TO DO:
Only the lines below from the one with "HOUZZKINGZ USA Paper" through the one with "Easy Spirit Women’s" are to be written out, exactly and without any images.

RECORDS SHOWN:
┏━━

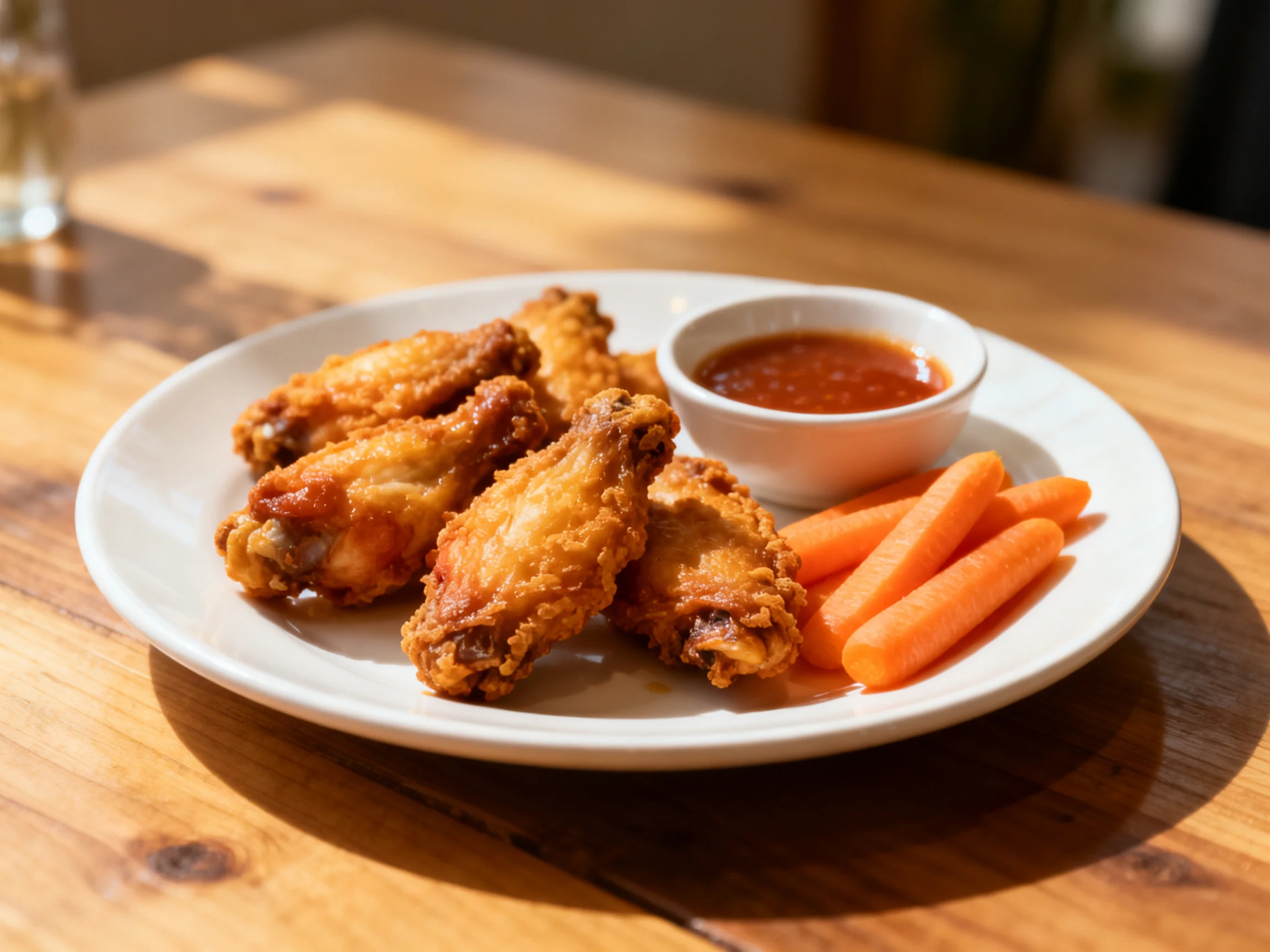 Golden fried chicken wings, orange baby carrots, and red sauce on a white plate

┗━━
┏━━

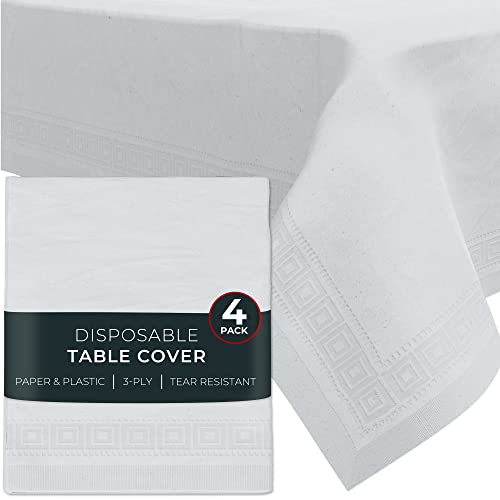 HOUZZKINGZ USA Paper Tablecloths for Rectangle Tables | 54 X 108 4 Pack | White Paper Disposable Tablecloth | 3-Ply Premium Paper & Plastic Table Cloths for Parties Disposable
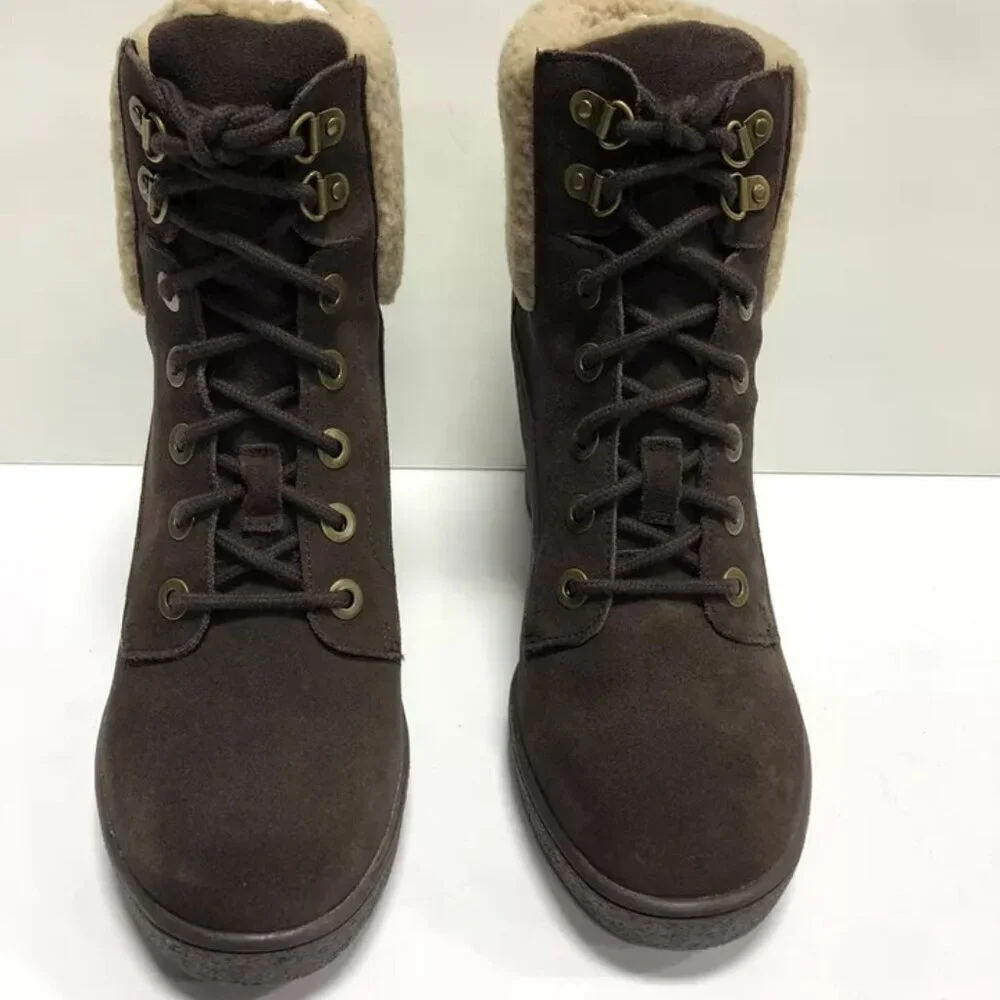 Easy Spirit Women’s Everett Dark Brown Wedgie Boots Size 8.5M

┗━━
┏━━

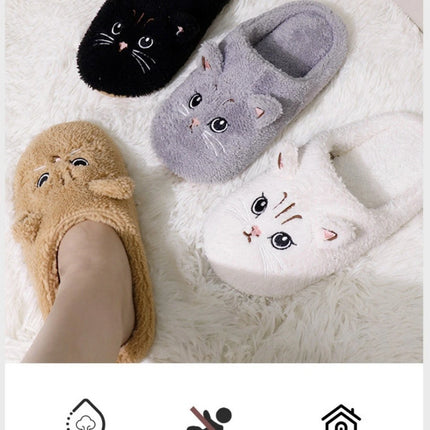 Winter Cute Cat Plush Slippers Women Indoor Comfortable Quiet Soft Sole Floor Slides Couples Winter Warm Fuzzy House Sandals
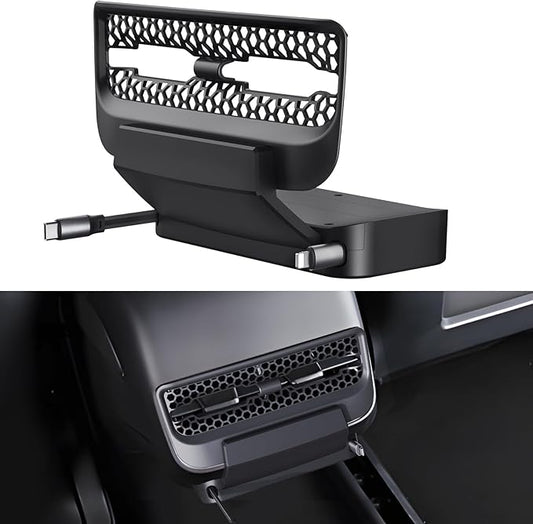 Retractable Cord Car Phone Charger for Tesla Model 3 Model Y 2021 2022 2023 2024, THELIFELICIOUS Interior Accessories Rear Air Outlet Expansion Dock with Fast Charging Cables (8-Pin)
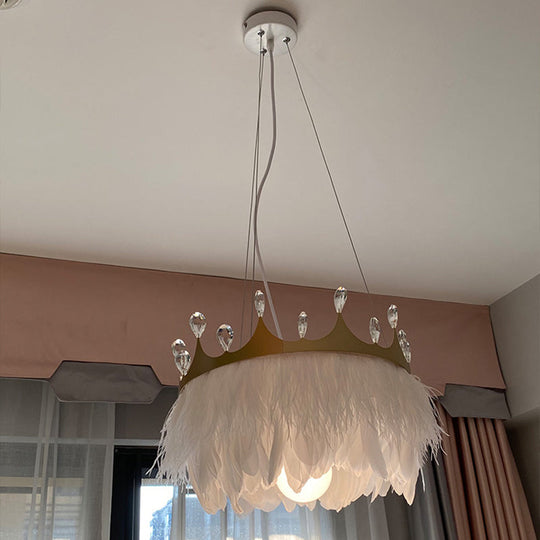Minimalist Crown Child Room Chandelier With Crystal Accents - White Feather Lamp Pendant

┗━━

FINAL ANSWER:
 HOUZZKINGZ USA Paper Tablecloths for Rectangle Tables | 54 X 108 4 Pack | White Paper Disposable Tablecloth | 3-Ply Premium Paper & Plastic Table Cloths for Parties Disposable
 Easy Spirit Women’s Everett Dark Brown Wedgie Boots Size 8.5M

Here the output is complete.